Neither the White House nor Kerry made any reference to the prospects of lifting sanctions on Sudan in their statements regarding Booth’s appointment.
Kerry in particular appeared to stress the longstanding dispute between Khartoum and Juba over post-secession issues.
“None of those brave people [in South Sudan] voted to create a failed state or to return to the violence that has plagued their home for too long. If both states put their people first by governing inclusively and democratically, protecting human rights and creating economic opportunity, they can make progress on realising the future their people deserve. This is a decisive period”, Kerry said in a statement released on Wednesday.
“Khartoum and Juba can choose the path of peace and prosperity, or they can go backwards,” his statement added.
Kerry described US involvement in the region, particularly efforts towards gaining South Sudan’s independence had been a “deeply personal” experience for himself, as well as president Obama and US ambassador to the United Nations Susan Rice.
“I’ve seen first-hand how invested the president and his administration have been in the work to help move the region forwards. When I was a senator, I had the privilege of supporting the diplomatic effort that led to South Sudan’s independence, and on the ground leading up to the historic referendum I witnessed the long lines of people voting for a better way of life”, he said.
Khartoum and Juba have long been at loggerheads over accusations that he former is backing rebels in Sudan’s South Kordofan and Blue Nile border states. Juba denies the charges.
Last June, Sudanese president Omer Hassan Al-Bashir ordered the closure of pipelines carrying oil from landlocked South Sudan, amid allegations of ongoing rebel support. South Sudan has just resumed pumping oil after a year-long suspension following a dispute with Sudan over transit fees.

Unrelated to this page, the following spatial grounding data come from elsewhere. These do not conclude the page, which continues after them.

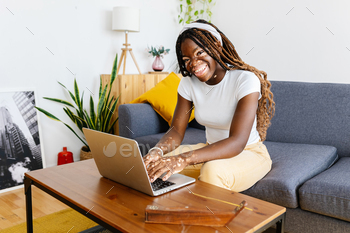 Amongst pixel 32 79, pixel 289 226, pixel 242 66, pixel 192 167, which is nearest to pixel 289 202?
pixel 289 226

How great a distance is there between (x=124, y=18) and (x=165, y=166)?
2.11m

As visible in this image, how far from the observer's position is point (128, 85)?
2.97 m

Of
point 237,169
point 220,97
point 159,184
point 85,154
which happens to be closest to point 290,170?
point 237,169

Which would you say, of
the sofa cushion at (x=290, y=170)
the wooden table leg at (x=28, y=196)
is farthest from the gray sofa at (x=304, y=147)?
the wooden table leg at (x=28, y=196)

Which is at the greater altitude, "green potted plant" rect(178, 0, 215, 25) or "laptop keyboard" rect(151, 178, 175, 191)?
"green potted plant" rect(178, 0, 215, 25)

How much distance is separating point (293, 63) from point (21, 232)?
2.63 meters

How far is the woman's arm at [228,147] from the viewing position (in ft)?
4.16

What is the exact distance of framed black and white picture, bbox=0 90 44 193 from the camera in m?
2.50

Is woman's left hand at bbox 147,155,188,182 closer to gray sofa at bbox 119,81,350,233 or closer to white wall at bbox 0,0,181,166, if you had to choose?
gray sofa at bbox 119,81,350,233

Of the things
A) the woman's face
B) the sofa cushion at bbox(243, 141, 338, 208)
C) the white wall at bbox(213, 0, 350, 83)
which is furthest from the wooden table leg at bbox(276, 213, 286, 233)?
the white wall at bbox(213, 0, 350, 83)

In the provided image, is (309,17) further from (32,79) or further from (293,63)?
(32,79)

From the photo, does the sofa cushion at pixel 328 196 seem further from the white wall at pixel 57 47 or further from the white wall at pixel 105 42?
the white wall at pixel 57 47

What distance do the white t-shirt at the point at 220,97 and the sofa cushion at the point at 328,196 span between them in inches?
13.7

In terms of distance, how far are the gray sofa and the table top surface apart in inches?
21.0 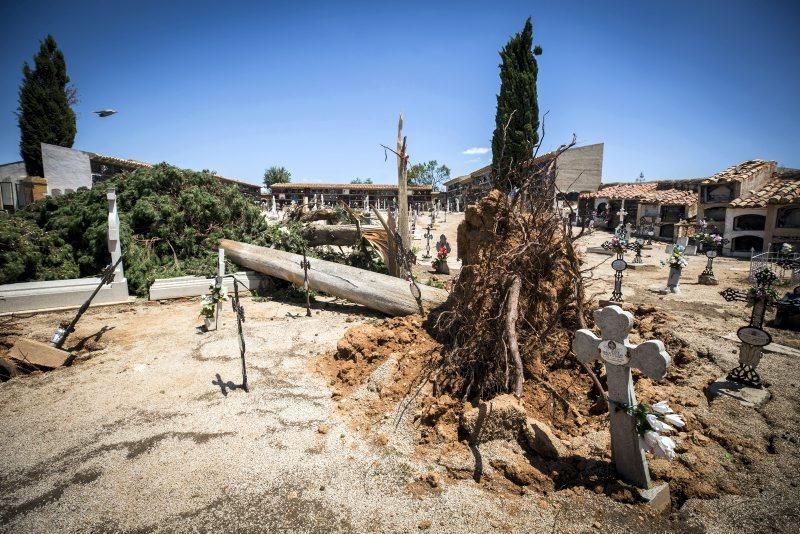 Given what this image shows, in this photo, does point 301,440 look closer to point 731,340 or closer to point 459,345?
point 459,345

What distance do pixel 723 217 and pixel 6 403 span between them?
2761 centimetres

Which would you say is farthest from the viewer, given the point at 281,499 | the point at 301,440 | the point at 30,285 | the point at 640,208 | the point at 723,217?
the point at 640,208

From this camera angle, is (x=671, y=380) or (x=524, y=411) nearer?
(x=524, y=411)

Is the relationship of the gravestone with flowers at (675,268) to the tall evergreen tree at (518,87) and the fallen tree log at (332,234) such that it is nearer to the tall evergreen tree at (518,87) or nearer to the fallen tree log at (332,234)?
the fallen tree log at (332,234)

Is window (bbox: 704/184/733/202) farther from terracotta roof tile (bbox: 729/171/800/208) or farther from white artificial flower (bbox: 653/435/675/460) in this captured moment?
white artificial flower (bbox: 653/435/675/460)

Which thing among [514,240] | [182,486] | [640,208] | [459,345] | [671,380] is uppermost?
[640,208]

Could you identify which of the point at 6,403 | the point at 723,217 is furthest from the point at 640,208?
the point at 6,403

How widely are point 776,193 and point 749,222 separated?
5.23 ft

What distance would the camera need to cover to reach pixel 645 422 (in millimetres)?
2713

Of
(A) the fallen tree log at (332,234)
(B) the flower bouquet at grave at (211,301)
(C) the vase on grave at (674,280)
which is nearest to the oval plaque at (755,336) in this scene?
(C) the vase on grave at (674,280)

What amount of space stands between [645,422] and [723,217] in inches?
917

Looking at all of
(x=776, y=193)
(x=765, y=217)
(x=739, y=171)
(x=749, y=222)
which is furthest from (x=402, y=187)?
(x=739, y=171)

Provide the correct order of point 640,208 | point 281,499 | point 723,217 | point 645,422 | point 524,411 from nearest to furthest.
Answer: point 645,422
point 281,499
point 524,411
point 723,217
point 640,208

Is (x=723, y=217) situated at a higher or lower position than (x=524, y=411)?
higher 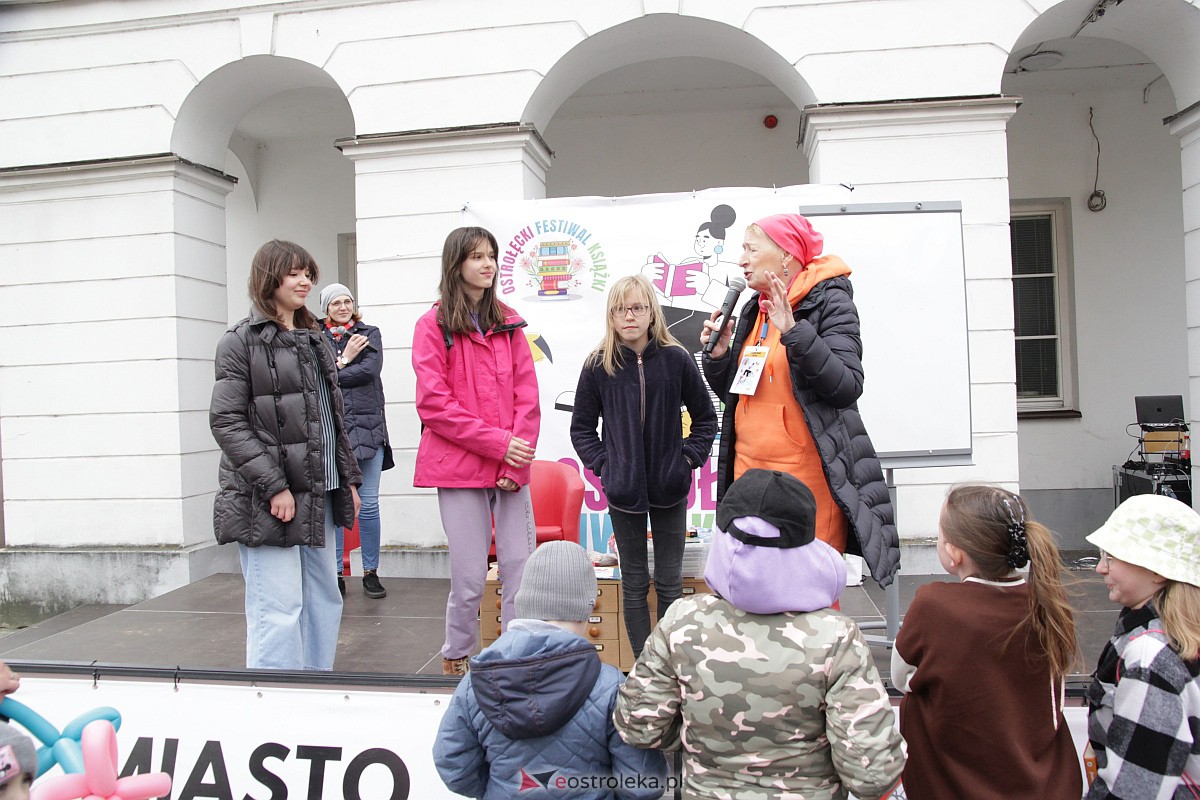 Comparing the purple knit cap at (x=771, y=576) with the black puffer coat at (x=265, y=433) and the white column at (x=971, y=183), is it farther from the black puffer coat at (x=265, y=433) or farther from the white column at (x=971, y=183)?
the white column at (x=971, y=183)

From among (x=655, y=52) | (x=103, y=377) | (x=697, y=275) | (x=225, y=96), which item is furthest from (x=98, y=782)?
(x=225, y=96)

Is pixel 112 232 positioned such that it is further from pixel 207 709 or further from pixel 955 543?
pixel 955 543

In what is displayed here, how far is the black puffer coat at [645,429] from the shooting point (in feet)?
10.1

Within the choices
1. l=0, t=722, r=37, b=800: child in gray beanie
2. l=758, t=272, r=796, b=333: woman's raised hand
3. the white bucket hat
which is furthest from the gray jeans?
l=0, t=722, r=37, b=800: child in gray beanie

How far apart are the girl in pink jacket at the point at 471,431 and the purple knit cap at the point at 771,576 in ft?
5.52

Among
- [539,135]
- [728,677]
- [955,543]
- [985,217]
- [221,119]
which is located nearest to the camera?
[728,677]

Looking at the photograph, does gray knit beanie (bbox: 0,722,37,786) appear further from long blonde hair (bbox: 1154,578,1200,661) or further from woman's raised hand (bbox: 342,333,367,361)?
woman's raised hand (bbox: 342,333,367,361)

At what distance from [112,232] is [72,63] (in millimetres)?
1262

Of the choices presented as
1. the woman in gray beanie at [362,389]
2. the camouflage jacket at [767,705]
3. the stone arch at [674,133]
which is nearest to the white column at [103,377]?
the woman in gray beanie at [362,389]

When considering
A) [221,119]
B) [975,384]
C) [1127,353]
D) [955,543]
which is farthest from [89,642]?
[1127,353]

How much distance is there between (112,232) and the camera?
19.9 ft

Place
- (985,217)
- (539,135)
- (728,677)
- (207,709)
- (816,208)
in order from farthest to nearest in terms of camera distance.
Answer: (539,135)
(985,217)
(816,208)
(207,709)
(728,677)

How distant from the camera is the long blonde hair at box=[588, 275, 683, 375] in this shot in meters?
3.08

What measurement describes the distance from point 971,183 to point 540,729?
4.78 metres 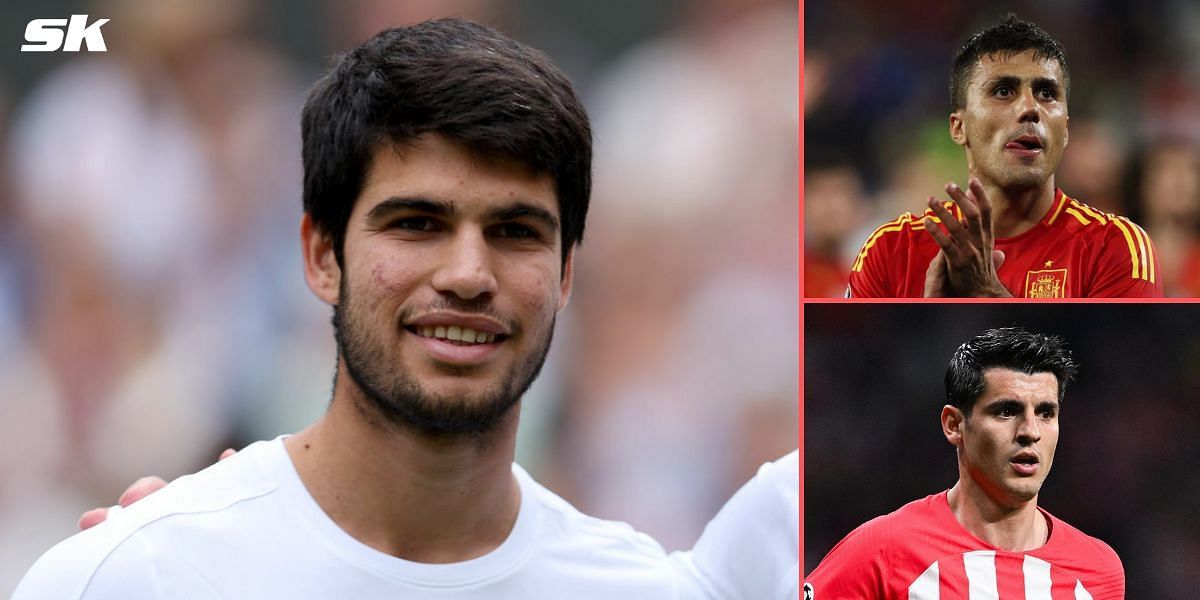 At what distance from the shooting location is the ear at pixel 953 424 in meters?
2.36

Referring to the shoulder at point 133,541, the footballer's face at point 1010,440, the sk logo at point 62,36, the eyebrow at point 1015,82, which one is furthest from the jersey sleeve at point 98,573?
the eyebrow at point 1015,82

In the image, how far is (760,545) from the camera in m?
2.47

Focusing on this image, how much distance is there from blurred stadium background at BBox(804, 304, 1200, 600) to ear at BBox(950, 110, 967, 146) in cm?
34

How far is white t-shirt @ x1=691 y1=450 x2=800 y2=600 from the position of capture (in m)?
2.41

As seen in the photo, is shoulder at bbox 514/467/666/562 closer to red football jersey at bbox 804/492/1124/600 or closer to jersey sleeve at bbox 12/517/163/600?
red football jersey at bbox 804/492/1124/600

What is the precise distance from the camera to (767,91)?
2703 millimetres

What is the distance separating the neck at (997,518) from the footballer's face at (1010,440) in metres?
0.01

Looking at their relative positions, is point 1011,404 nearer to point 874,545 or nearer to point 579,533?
point 874,545

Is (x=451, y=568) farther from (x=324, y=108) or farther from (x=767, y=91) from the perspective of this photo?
(x=767, y=91)

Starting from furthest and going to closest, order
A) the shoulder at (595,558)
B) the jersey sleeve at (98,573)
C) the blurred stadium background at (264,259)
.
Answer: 1. the blurred stadium background at (264,259)
2. the shoulder at (595,558)
3. the jersey sleeve at (98,573)

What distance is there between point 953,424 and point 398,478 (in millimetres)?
1157

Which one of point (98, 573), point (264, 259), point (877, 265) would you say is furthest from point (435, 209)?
point (264, 259)

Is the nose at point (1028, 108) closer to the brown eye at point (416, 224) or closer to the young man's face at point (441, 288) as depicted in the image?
the young man's face at point (441, 288)

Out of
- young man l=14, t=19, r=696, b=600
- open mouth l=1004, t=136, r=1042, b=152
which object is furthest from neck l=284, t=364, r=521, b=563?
open mouth l=1004, t=136, r=1042, b=152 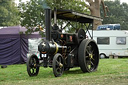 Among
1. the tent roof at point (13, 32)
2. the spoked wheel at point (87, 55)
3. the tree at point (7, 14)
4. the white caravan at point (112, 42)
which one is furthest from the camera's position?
the tree at point (7, 14)

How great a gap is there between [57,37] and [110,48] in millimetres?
12500

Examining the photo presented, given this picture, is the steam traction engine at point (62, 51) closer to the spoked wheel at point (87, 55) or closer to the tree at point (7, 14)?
the spoked wheel at point (87, 55)

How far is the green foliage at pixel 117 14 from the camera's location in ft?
147

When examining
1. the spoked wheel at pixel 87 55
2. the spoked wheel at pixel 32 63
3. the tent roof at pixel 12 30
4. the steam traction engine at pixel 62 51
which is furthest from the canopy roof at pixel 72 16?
the tent roof at pixel 12 30

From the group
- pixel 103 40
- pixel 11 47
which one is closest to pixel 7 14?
pixel 103 40

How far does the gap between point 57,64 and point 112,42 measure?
12994mm

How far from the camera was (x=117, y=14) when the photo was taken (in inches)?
1887

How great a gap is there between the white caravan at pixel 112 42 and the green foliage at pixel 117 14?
24.1 meters

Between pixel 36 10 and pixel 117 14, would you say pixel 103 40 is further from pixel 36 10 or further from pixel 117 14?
pixel 117 14

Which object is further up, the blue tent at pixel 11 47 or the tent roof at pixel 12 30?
A: the tent roof at pixel 12 30

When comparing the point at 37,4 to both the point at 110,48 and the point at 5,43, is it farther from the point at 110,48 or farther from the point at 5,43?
the point at 110,48

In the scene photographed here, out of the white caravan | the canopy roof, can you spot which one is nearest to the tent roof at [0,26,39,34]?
the white caravan

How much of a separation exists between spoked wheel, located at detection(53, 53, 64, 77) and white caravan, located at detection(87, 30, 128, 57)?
12.5 meters

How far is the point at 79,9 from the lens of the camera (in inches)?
667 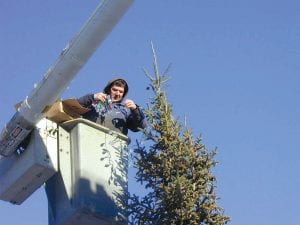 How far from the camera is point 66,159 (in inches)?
468

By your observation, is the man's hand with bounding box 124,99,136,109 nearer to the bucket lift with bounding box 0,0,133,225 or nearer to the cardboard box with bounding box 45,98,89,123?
the bucket lift with bounding box 0,0,133,225

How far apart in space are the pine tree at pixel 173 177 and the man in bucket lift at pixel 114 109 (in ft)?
1.51

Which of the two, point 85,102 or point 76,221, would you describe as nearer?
point 76,221

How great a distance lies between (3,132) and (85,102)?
1.39 m

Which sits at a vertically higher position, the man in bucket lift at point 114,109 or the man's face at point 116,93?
the man's face at point 116,93

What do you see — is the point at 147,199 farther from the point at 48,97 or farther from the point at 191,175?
the point at 48,97

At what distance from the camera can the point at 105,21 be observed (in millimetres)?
10555

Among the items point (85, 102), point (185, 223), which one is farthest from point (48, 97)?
point (185, 223)

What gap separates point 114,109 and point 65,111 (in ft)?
2.73

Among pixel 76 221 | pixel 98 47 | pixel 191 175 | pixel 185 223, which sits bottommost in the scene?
pixel 76 221

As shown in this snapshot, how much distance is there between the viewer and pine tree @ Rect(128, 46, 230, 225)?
10672mm

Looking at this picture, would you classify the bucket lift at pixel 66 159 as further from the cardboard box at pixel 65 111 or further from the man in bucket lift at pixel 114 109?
the man in bucket lift at pixel 114 109

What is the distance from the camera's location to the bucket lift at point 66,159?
11281 millimetres

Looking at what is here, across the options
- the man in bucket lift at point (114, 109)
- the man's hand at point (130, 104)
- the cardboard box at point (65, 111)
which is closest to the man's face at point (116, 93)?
the man in bucket lift at point (114, 109) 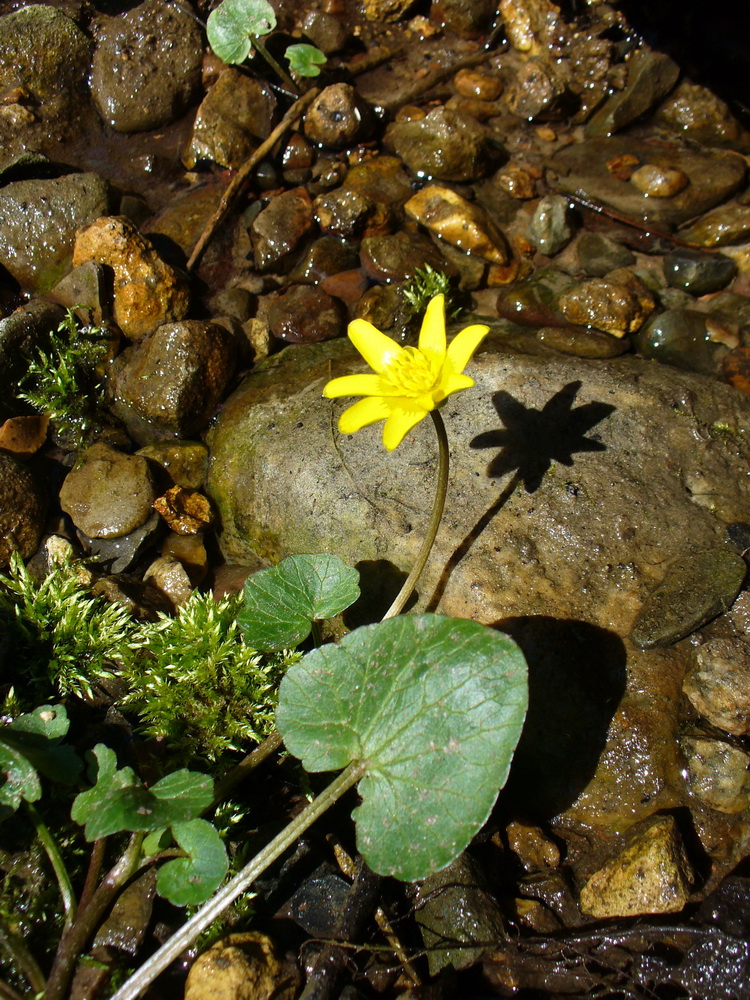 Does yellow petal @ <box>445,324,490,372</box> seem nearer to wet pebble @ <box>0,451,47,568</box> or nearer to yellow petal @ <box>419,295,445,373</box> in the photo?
yellow petal @ <box>419,295,445,373</box>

China and the African Union (AU) have persuaded Bashir to delay the decision until early September while they work on verifying claims of rebel support and getting the two sides to agree on borders security measures and the creation of a demilitarised zone.
However, talks appeared to hit a snag recently, with Khartoum accusing Juba of non-cooperation in the joint talks held so far.
Sudan has long maintained that security arrangements must precede implementation of other deals signed last year, such as ones related to citizenship and trade.
Another growing concern for the US in recent months is rising insecurity in South Sudan, in particular fighting in Jonglei state which has led to mass killings and reports of human rights abuses by government troops.
Adding to this is a political crisis within South Sudan’s ruling party (SPLM) that led to the sacking of president Salva Kiir’s long-time deputy Riek Machar and the suspension of other senior officials pending investigations into alleged financial and political wrongdoings.